TASK TO CARRY OUT>
In the records that follow, find the line containing "White & Red" and the line containing "Spaghetti Straps Lace", then transcribe both and every line between them exactly, omitting pictures.

Stored items from a collection>
★ ★ ★ ★

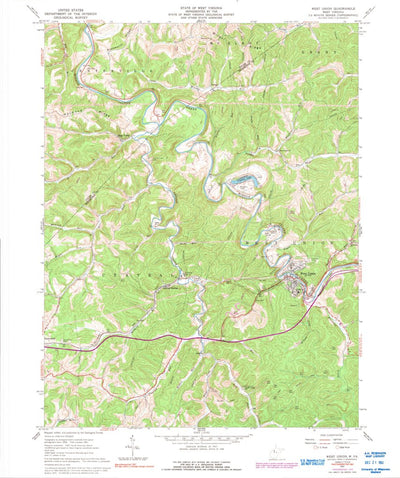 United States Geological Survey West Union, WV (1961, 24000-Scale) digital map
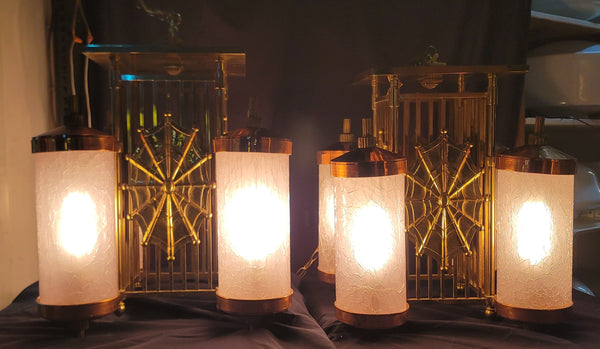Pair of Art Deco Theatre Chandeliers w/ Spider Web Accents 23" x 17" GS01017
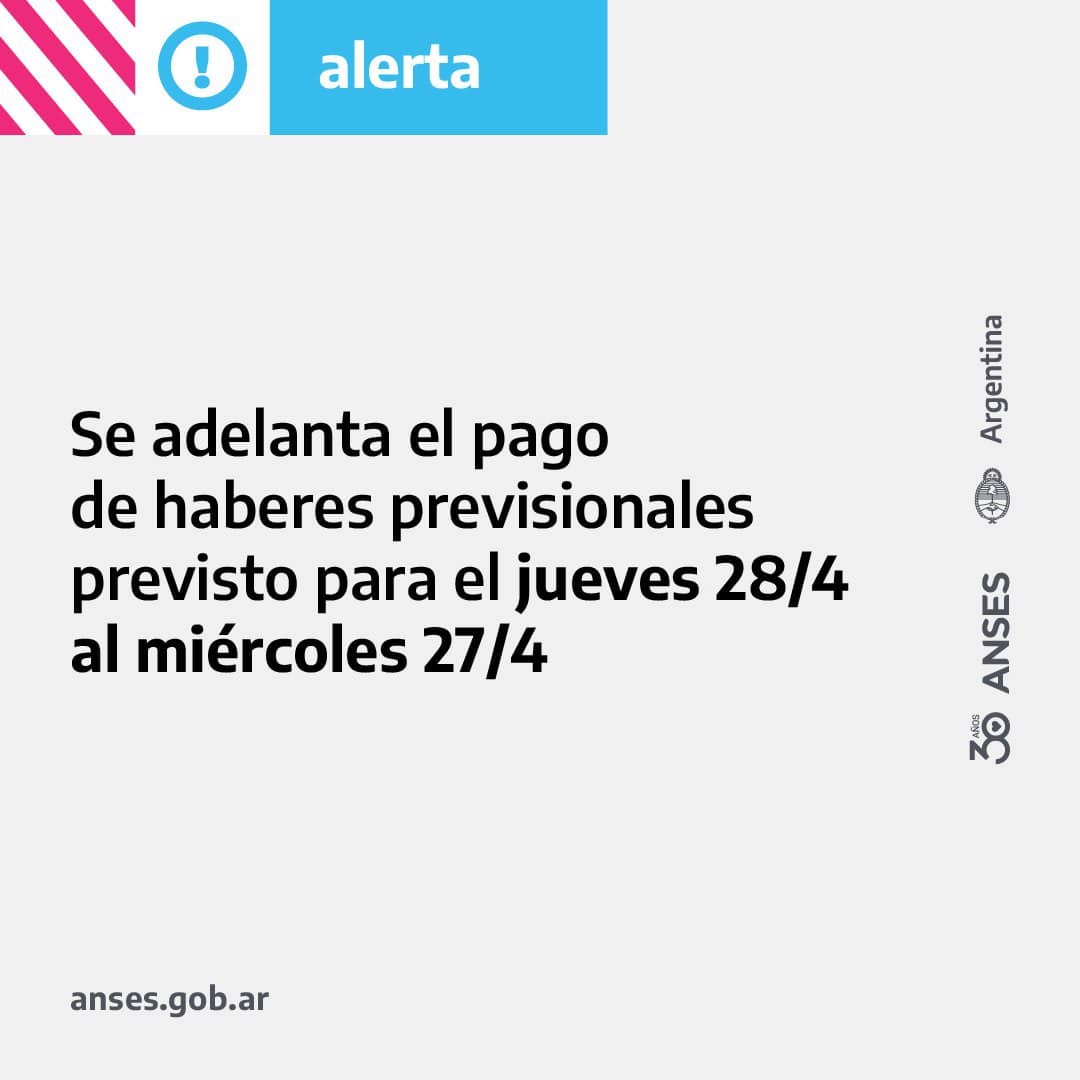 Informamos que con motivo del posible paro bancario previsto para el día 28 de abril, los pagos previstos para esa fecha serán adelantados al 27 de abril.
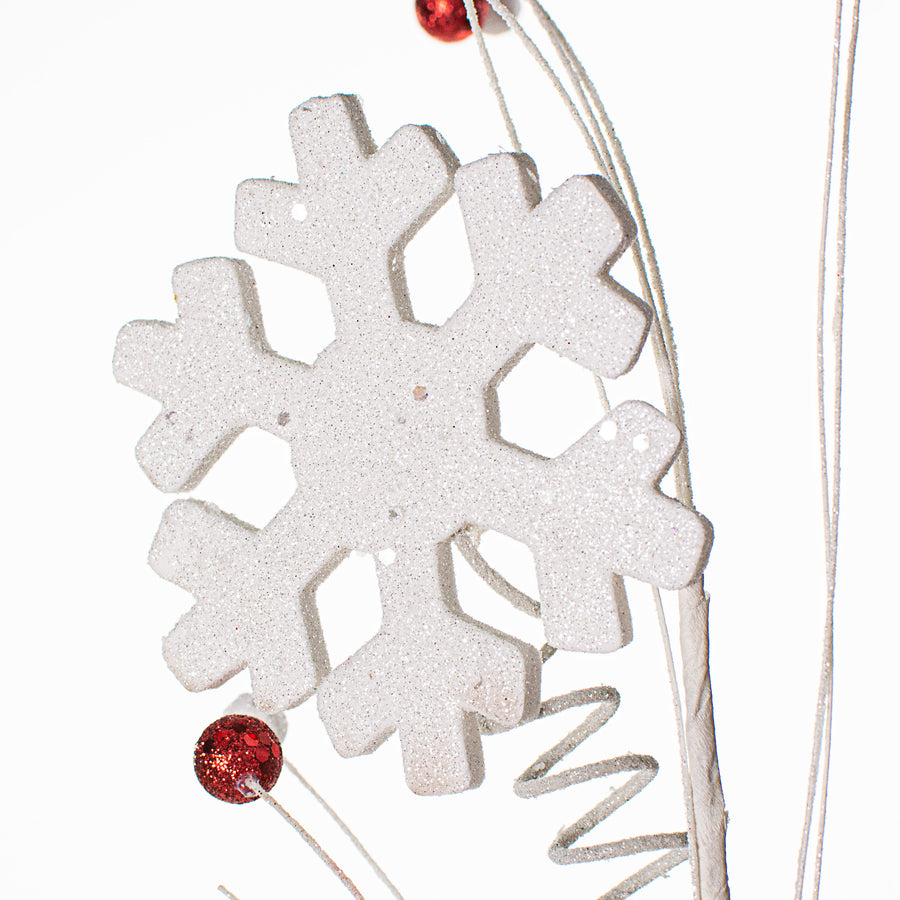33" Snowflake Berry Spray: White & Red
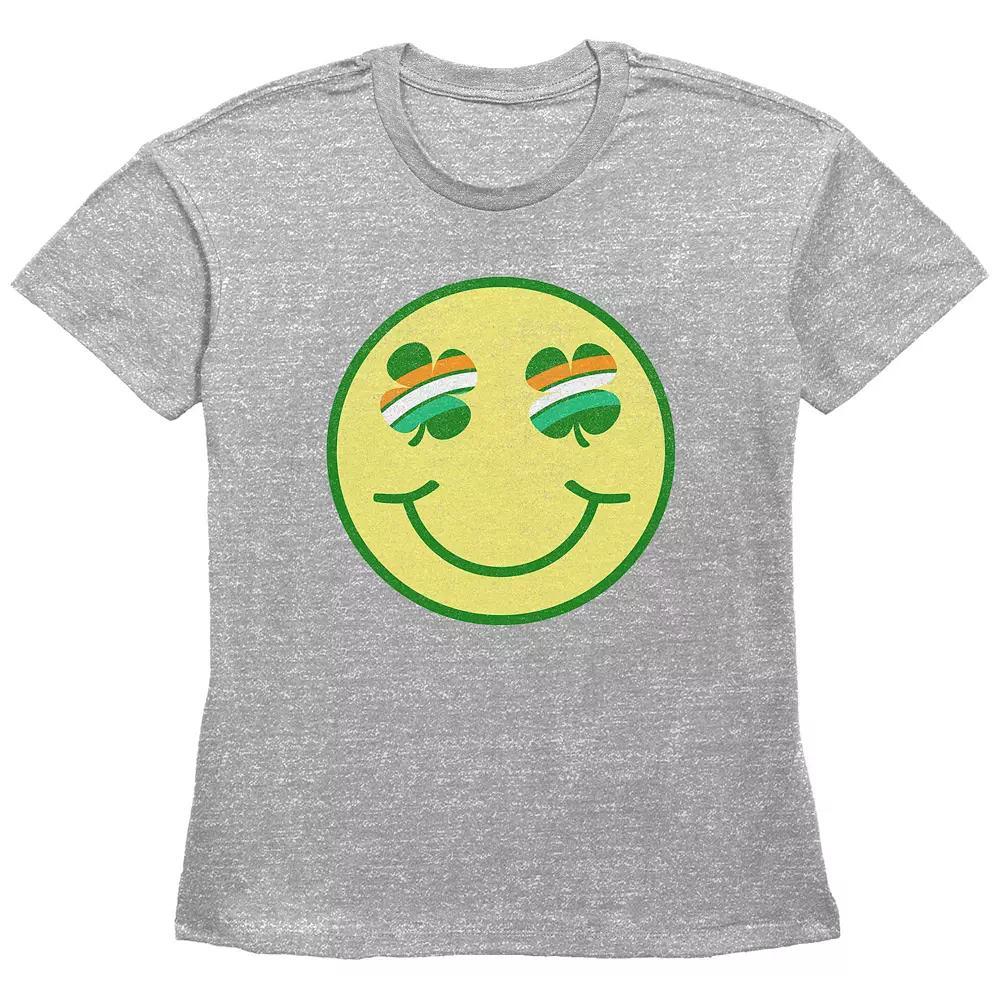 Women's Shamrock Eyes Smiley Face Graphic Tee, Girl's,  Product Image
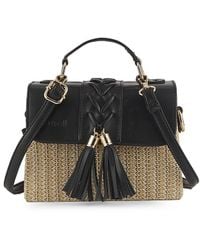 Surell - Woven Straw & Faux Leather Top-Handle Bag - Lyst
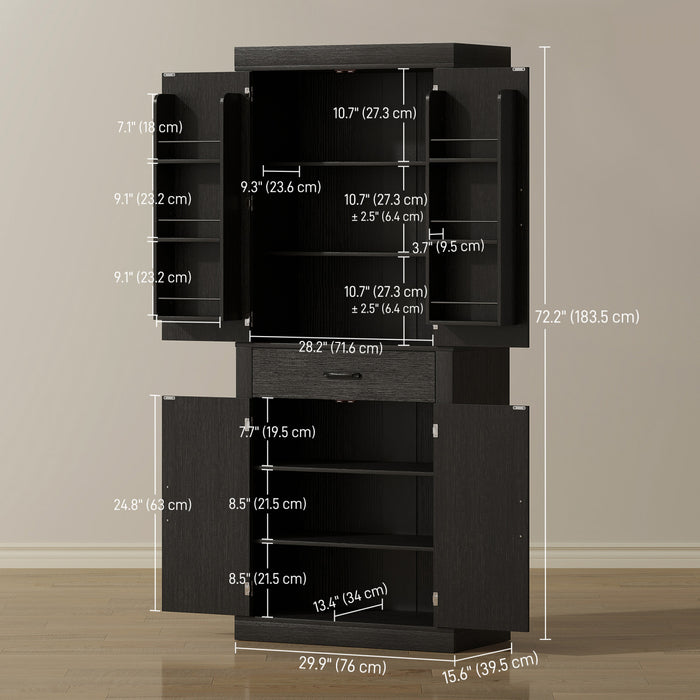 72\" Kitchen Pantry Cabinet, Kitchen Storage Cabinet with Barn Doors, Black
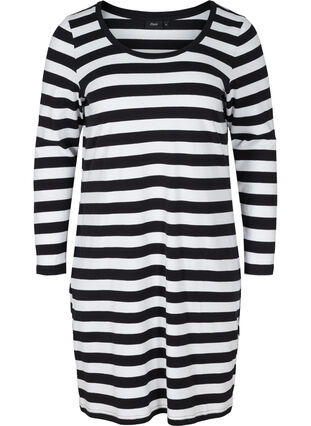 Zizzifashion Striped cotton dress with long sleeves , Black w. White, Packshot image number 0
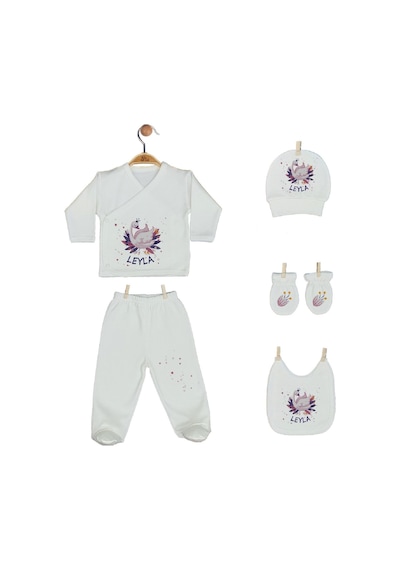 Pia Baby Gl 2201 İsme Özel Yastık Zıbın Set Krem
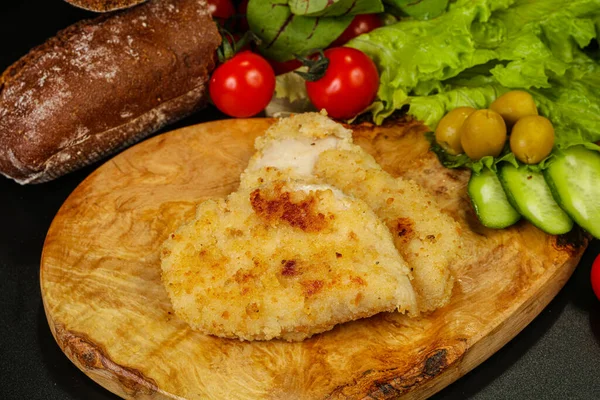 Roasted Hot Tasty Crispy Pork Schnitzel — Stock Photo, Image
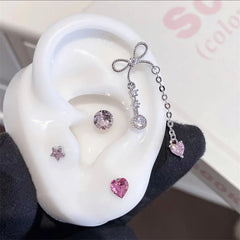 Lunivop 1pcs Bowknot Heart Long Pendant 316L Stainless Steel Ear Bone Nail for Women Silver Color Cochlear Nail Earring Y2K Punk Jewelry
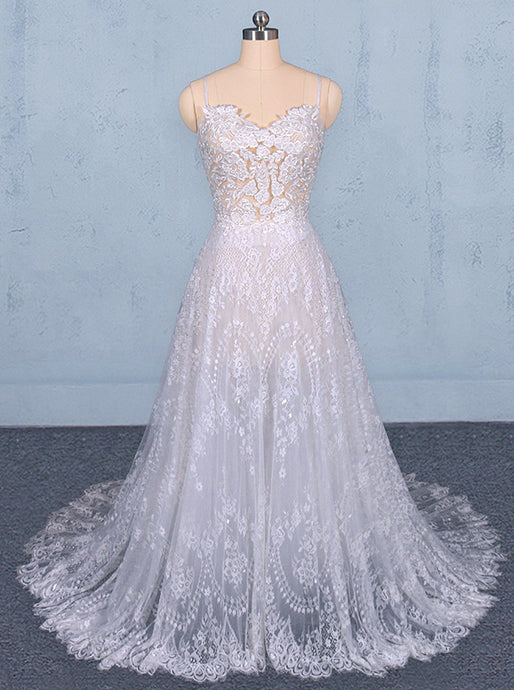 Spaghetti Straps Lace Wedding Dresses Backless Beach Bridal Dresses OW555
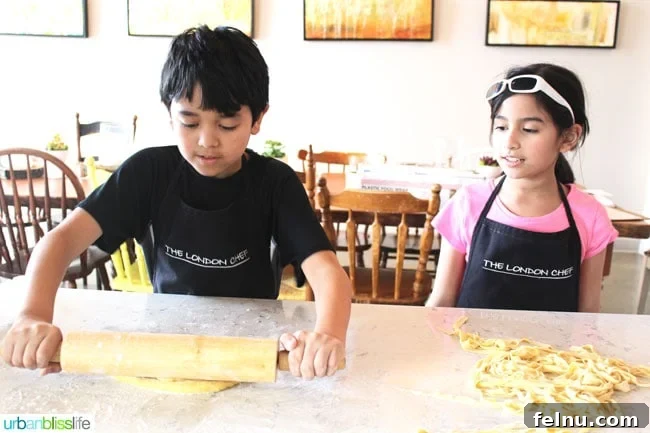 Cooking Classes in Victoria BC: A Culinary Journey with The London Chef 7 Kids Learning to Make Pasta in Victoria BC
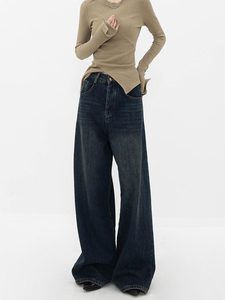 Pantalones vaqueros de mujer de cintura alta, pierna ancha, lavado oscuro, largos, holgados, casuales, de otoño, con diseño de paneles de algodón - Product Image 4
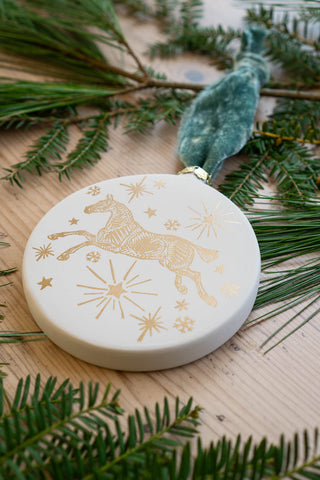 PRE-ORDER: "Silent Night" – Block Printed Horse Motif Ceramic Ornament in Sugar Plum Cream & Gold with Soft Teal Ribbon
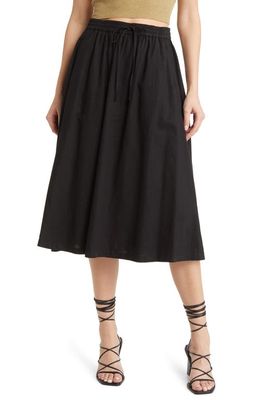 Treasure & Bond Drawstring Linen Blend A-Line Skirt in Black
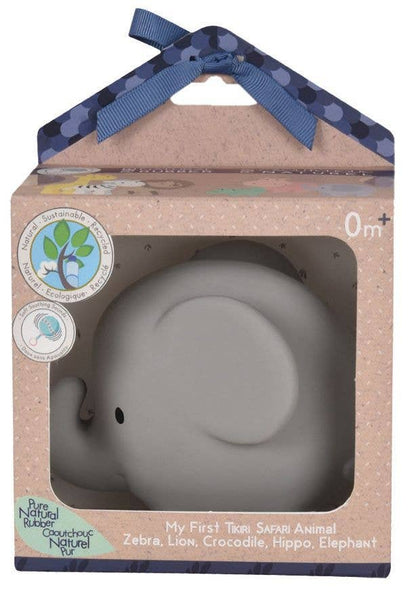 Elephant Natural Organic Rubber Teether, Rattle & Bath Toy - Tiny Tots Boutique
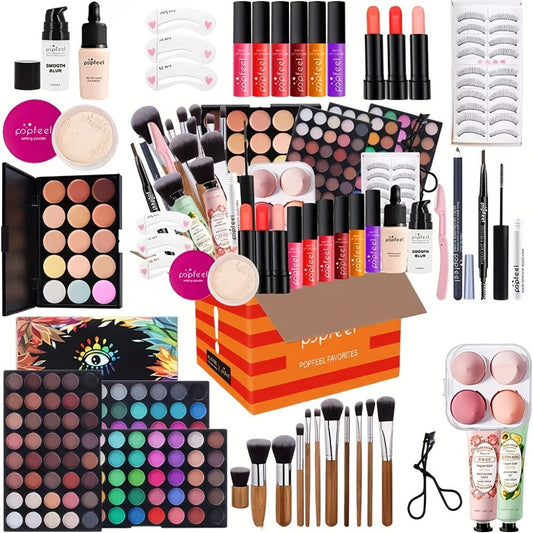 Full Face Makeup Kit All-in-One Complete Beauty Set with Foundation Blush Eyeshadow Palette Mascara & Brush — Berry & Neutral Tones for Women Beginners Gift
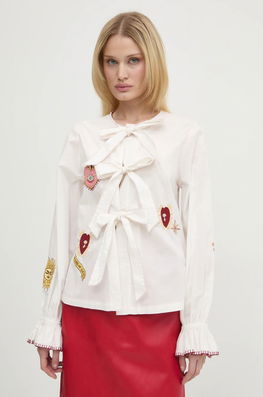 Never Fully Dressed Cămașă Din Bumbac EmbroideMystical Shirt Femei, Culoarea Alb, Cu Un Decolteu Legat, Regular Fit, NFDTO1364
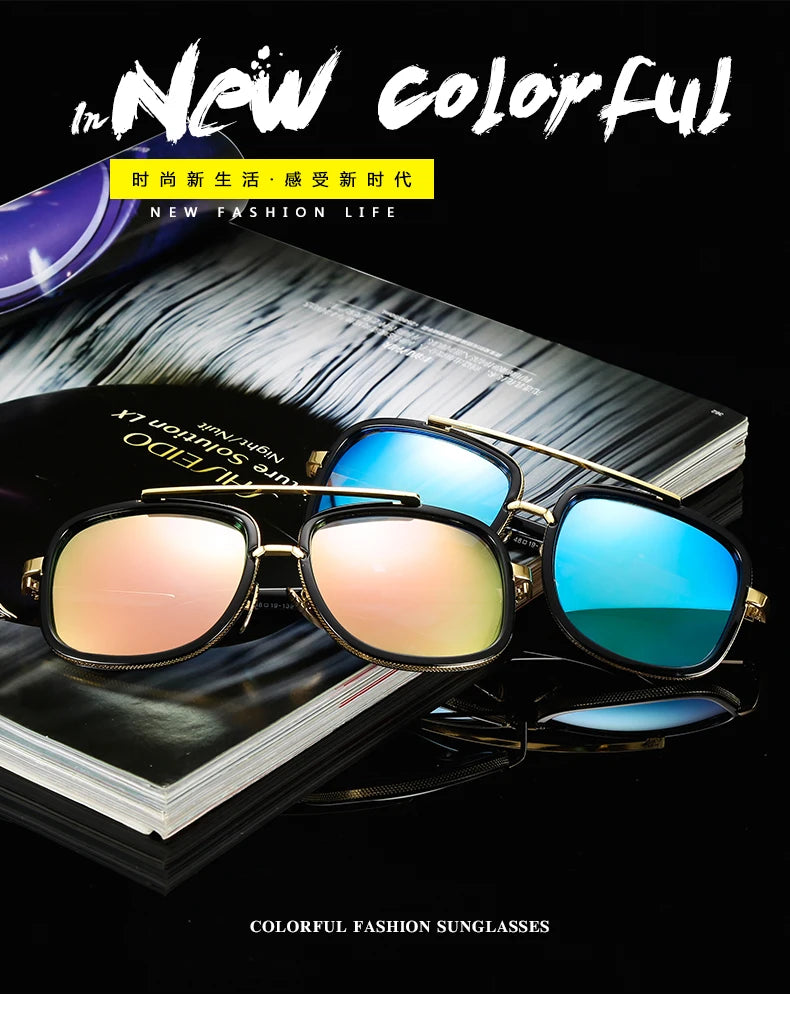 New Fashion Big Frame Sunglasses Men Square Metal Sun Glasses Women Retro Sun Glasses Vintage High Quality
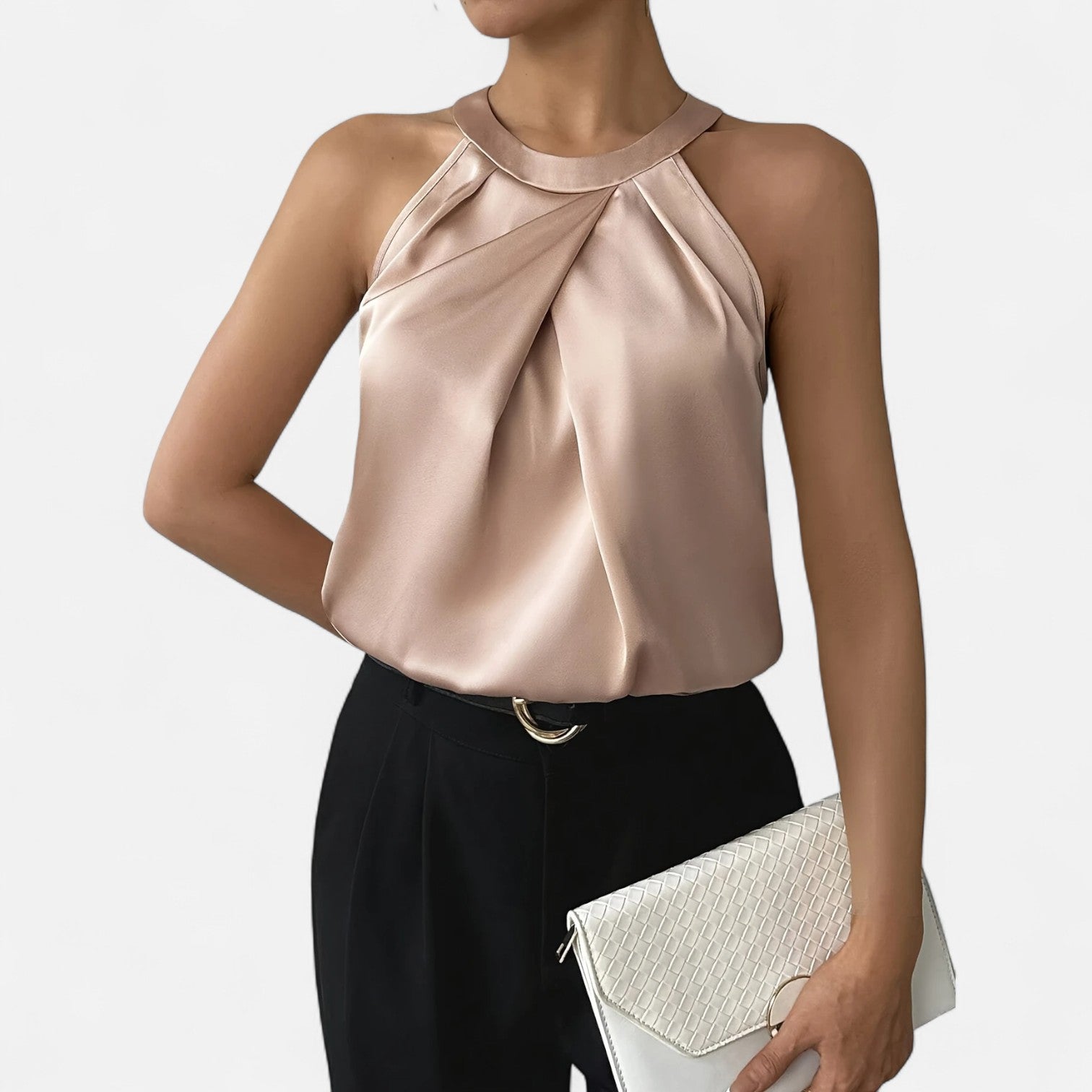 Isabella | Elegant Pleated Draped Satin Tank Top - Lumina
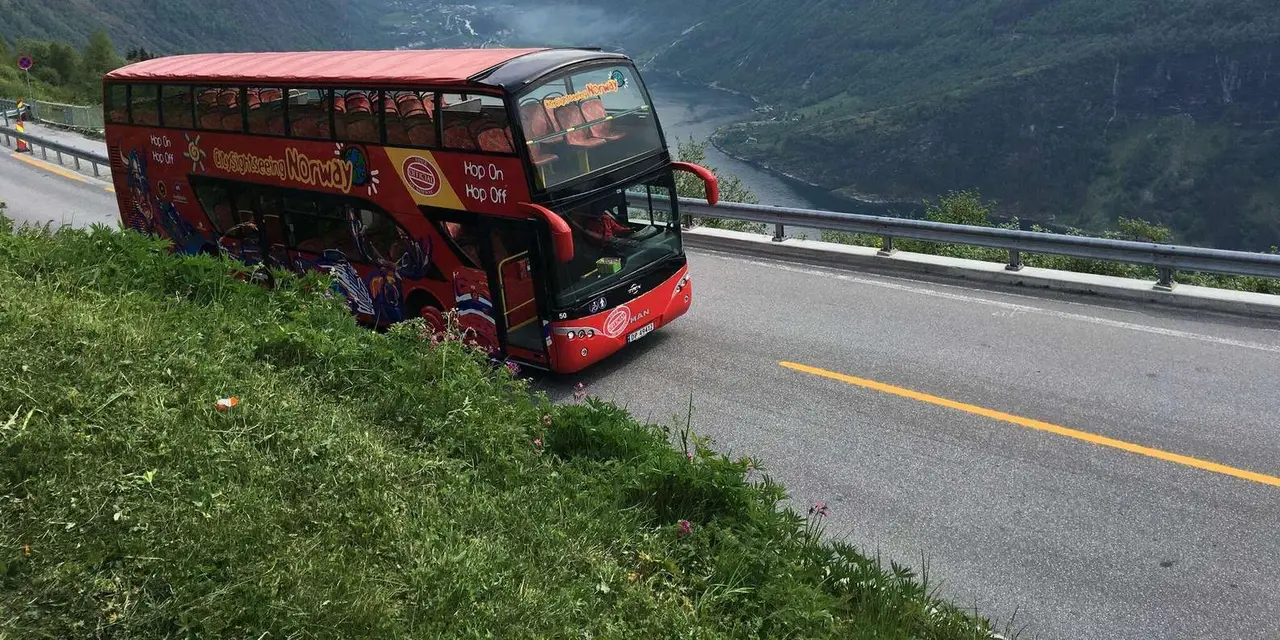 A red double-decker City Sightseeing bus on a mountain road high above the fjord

★ ★ ★ ★

RESULT FOR THIS TASK>
33" Snowflake Berry Spray: White & Red
 Women's Shamrock Eyes Smiley Face Graphic Tee, Girl's,  Product Image
 Surell - Woven Straw & Faux Leather Top-Handle Bag - Lyst
 72\" Kitchen Pantry Cabinet, Kitchen Storage Cabinet with Barn Doors, Black
 Zizzifashion Striped cotton dress with long sleeves , Black w. White, Packshot image number 0
 Pia Baby Gl 2201 İsme Özel Yastık Zıbın Set Krem
 Roasted Hot Tasty Crispy Pork Schnitzel — Stock Photo, Image
 Lunivop 1pcs Bowknot Heart Long Pendant 316L Stainless Steel Ear Bone Nail for Women Silver Color Cochlear Nail Earring Y2K Punk Jewelry
 Spaghetti Straps Lace Wedding Dresses Backless Beach Bridal Dresses OW555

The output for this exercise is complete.